■ **Assignment**
In the entries that follow, the lines from the line containing "Crystals & Rhinestones" up to and including the line containing "in・stru(men-tal). Maison MIHARA" must be copied exactly, with pictures omitted.

■ **Dataset records**
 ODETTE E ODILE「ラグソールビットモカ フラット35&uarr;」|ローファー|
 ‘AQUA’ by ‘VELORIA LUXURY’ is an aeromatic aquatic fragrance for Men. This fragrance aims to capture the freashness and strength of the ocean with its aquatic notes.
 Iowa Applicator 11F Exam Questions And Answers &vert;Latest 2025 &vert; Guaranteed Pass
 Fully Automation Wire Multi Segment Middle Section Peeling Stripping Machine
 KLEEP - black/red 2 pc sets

...

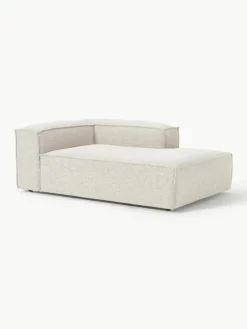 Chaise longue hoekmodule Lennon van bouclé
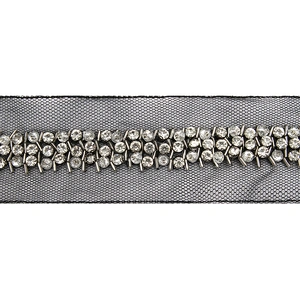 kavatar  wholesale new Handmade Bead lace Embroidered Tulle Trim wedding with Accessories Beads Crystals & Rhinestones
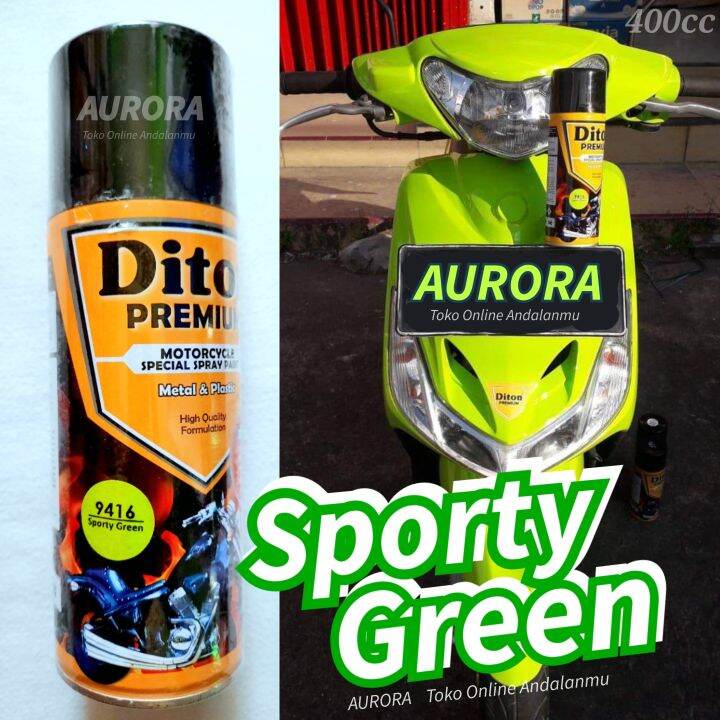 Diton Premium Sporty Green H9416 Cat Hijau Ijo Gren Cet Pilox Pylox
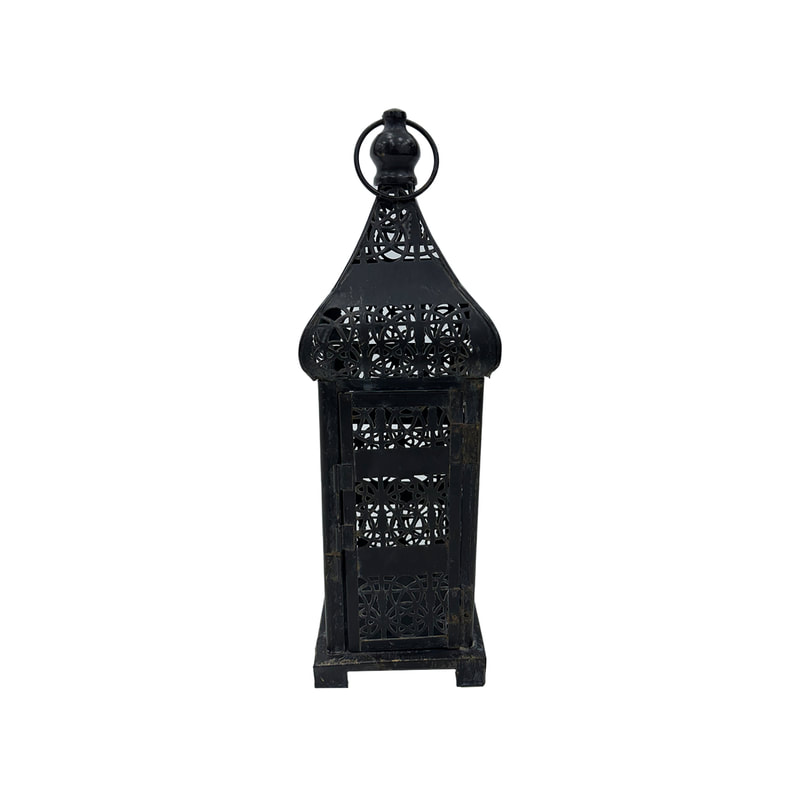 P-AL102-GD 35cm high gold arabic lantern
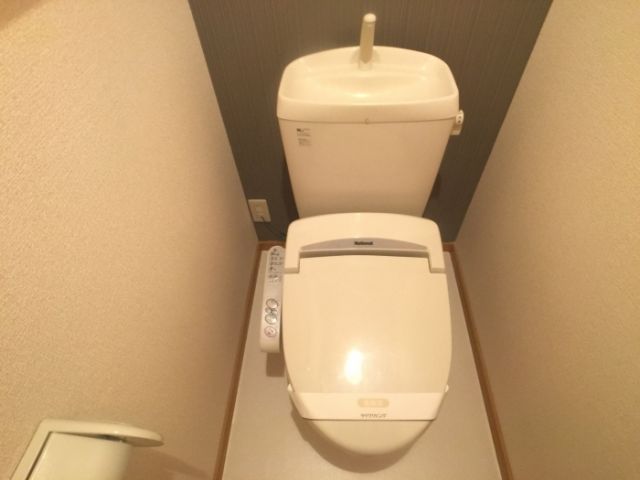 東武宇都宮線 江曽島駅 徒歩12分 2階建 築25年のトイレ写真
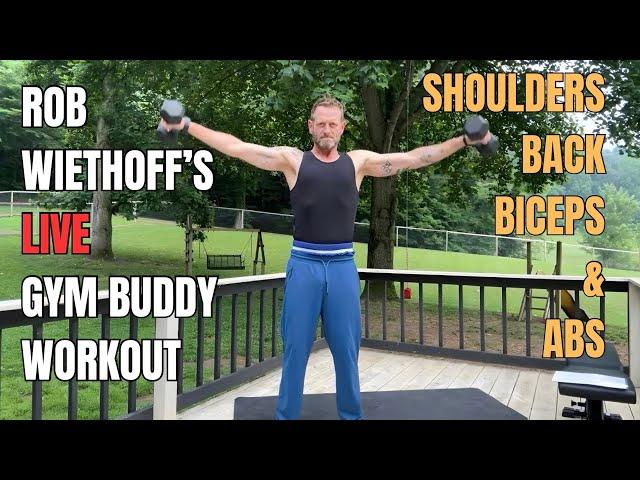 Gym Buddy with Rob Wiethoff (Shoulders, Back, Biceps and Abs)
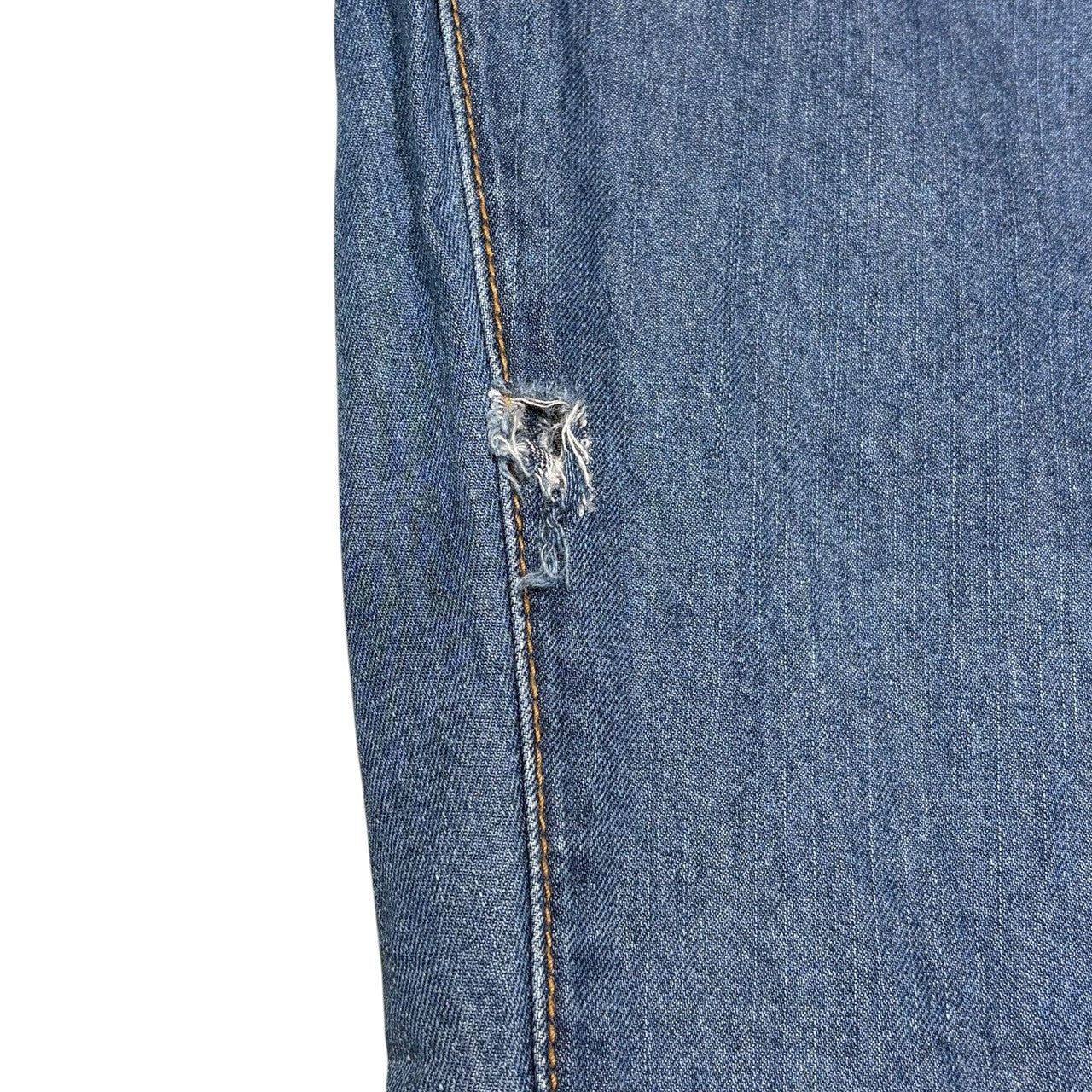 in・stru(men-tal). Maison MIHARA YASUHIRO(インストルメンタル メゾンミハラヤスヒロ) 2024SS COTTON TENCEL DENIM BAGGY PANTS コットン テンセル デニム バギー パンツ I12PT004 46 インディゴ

--

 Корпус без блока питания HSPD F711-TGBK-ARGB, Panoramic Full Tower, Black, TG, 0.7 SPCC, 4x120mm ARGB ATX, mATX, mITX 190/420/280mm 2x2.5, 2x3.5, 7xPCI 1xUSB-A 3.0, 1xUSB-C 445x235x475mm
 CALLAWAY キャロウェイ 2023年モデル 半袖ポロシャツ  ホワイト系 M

■ **Exercise result**
 kavatar  wholesale new Handmade Bead lace Embroidered Tulle Trim wedding with Accessories Beads Crystals & Rhinestones
 Diton Premium Sporty Green H9416 Cat Hijau Ijo Gren Cet Pilox Pylox
 P-AL102-GD 35cm high gold arabic lantern
 東武宇都宮線 江曽島駅 徒歩12分 2階建 築25年のトイレ写真
 Gym Buddy with Rob Wiethoff (Shoulders, Back, Biceps and Abs)
 in・stru(men-tal). Maison MIHARA YASUHIRO(インストルメンタル メゾンミハラヤスヒロ) 2024SS COTTON TENCEL DENIM BAGGY PANTS コットン テンセル デニム バギー パンツ I12PT004 46 インディゴ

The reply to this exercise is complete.